=== LISTED RECORDS ===

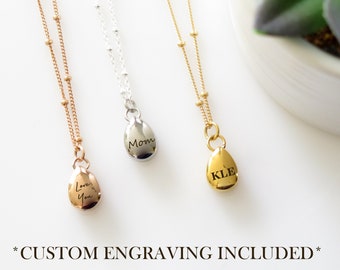 Personalized Custom Engraved Teardrop Urn Necklace, Rose Gold Urn Necklace for Human Ashes, Cremation Jewelry Necklace, Ashes Necklace, Gold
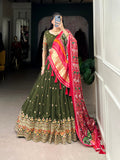 Lorenvalley Green Georgette Sequins and Thread Embroidery Work Lehenga Choli | Grocsy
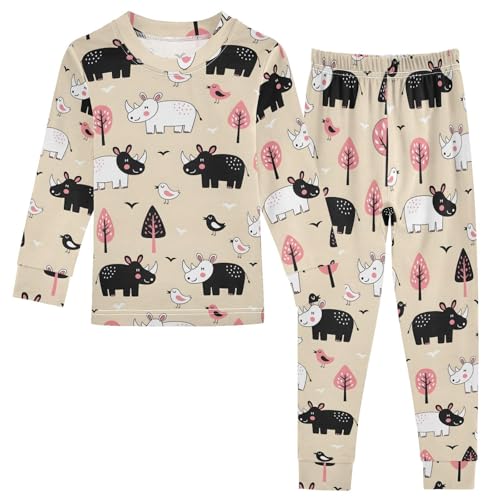 Pajama Sets Long Sleeve Cute Rhinos Birds Trees Pattern Soft Comfy Sleepwear 2 Piece PJS 3-8T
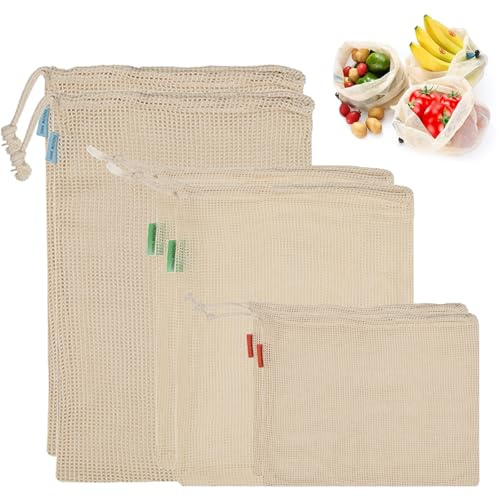XHNKEG 6 Pcs Vegetable Bags, Cotton Drawstring Bag Small Mesh Bag Natural Cotton Muslin Bags Reusable Produce Storage for Vegetables Fruits and Grocery Shopping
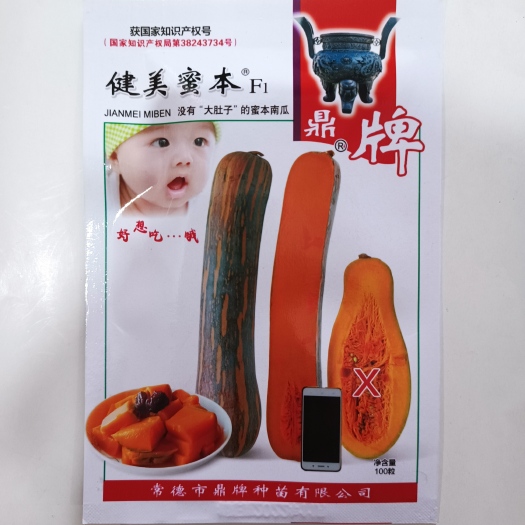 大田種植鼎牌健美蜜本南瓜種子 特早熟 長(zhǎng)棒形 空腔小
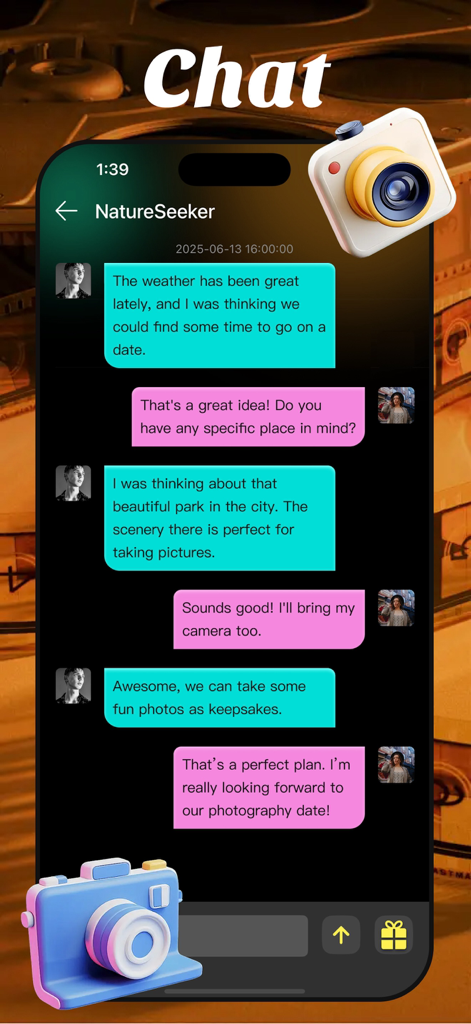Uno screenshot dell'interfaccia di chat dell'app Fotzy che mostra una conversazione tra due utenti su un appuntamento fotografico.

===

- [WHAT IS NEEDED]
A faithful copy of every record is needed here. Leave the images out of it.

- [WRITTEN REPLY]
 Personalized Custom Engraved Teardrop Urn Necklace, Rose Gold Urn Necklace for Human Ashes, Cremation Jewelry Necklace, Ashes Necklace, Gold
 Lorenvalley Green Georgette Sequins and Thread Embroidery Work Lehenga Choli | Grocsy
 Pajama Sets Long Sleeve Cute Rhinos Birds Trees Pattern Soft Comfy Sleepwear 2 Piece PJS 3-8T
XHNKEG 6 Pcs Vegetable Bags, Cotton Drawstring Bag Small Mesh Bag Natural Cotton Muslin Bags Reusable Produce Storage for Vegetables Fruits and Grocery Shopping
 大田種植鼎牌健美蜜本南瓜種子 特早熟 長(zhǎng)棒形 空腔小
Uno screenshot dell'interfaccia di chat dell'app Fotzy che mostra una conversazione tra due utenti su un appuntamento fotografico.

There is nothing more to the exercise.